Here, Plaintiff has withdrawn all claims for actual damages, and instead, seeks only statutory damages. (Dkts. 23, 28.) However, Plaintiff attaches to her motion testimony from her deposition, in which she states that she suffered emotional distress due to Defendant's credit reporting. (Dkt. 29-3.) Plaintiff further testified that she received virtual counseling from a psychiatrist approximately six months after receiving the debt notice, that her sleep was disturbed in some manner, and that she experienced some headaches. (Dkt. 29-3 at 72:2-74:8.) Plaintiff also attaches her Experian credit report (Dkt. 29-7) which she claims demonstrates the “intangible harm to her reputation and credit score.” (Dkt. 29.) Because Plaintiff alleges injuries in the form of physical and emotional ailments tied to the “emotional distress” caused by receipt of the debt notice, the court finds that she has standing to assert her claims under the FDCPA. See, e.g., Mraz, 2020 WL 7125629, at *2; cf. Crowder, 2021 WL 1338767, at *1 (no jurisdiction over defendant's motion for summary judgment when plaintiff “specifically disclaimed all actual damages” and merely alleged suffering emotional distress without sufficiently pleading and proving another concrete or particularized injury under Article III, and thus lacked injury traceable to the alleged FDCPA violations); Santiago v. Hunter Warfield, Inc., No. 8:20-cv-2823-TPB-JSS, 2021 WL 4894092, at *2 (M.D. Fla. Oct. 20, 2021) (granting defendant's motion for summary judgment on the bona fide error defense and dismissing action for lack of subject matter jurisdiction due to plaintiff's inability to establish evidence of any actual, concrete injury under the FDCPA).

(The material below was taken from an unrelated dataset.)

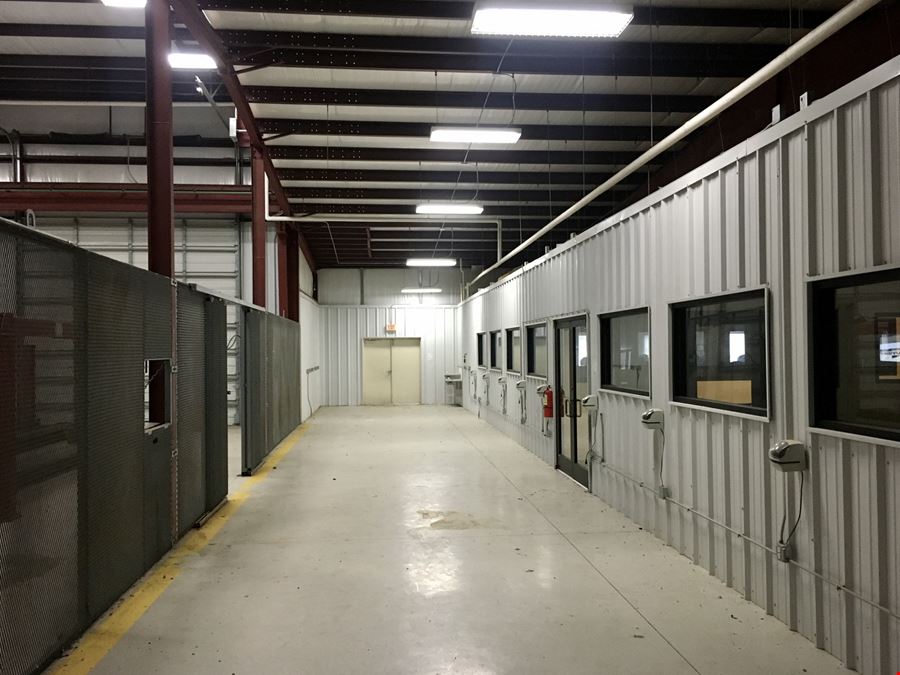 ±46,700 SF Oilfield Service Facility on 43 AC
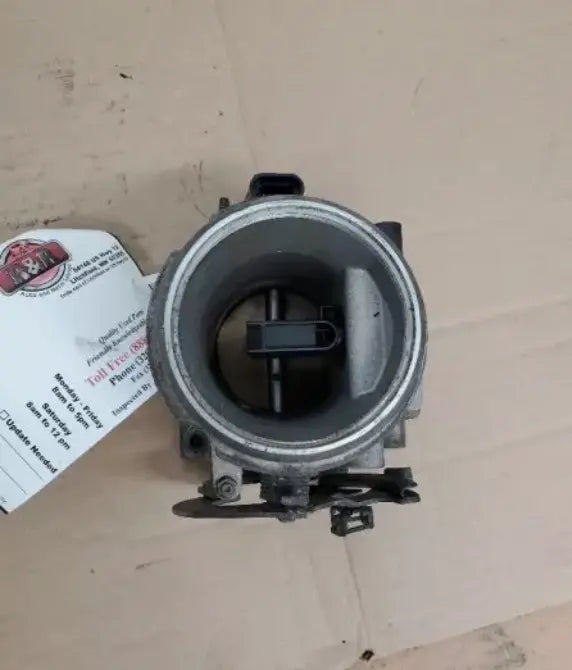 Throttle Body Valve 3.8L VIN K Fits 2000-2005 Chevrolet IMPALA WARRANTY - Used OEM Auto Part - Photo 3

2. Plaintiff's Failure to Dispute the Debt
Defendant argues that it is entitled to summary judgment because “Plaintiff failed to communicate any actual dispute or intention to dispute the subject debt.” (Dkt. 28.) To succeed on an FDCPA claim, “a plaintiff must show that ‘(1) the plaintiff has been the object of collection activity arising from consumer debt, (2) the defendant is a debt collector as defined by the FDCPA, and (3) the defendant has engaged in an act or omission prohibited by the FDCPA.'” Mraz v. I.C. Sys., Inc., No. 2:18-cv-254-FtM-38-NPM, 2019 WL 10784290, at *2 (M.D. Fla. Aug. 7, 2019) (citing Meyer v. Fay Servicing, LLC, 2:19-cv-88-FtM-38UAM, 2019 WL 2009378, at *6 (M.D. Fla. May 7, 2019)). Section 1692(e)(8) of Title 15 prohibits a debt collector from using “any false, deceptive, or misleading representation or means in connection with the collection of any debt,” including “[c]ommunicating or threatening to communicate to any person credit information which is known or which should be known to be false, including the failure to communicate that a disputed debt is disputed.” 15 U.S.C. § 1692(e)(8); Delia v. Ditech Fin., LLC, No. 23-11826, 2023 WL 8018575, at *2 (11th Cir. Nov. 20, 2023) (“Among other things, the FDCPA broadly prohibits a debt collector from using ‘any false, deceptive, or misleading representations or means in connection with the collection of any debt.'”).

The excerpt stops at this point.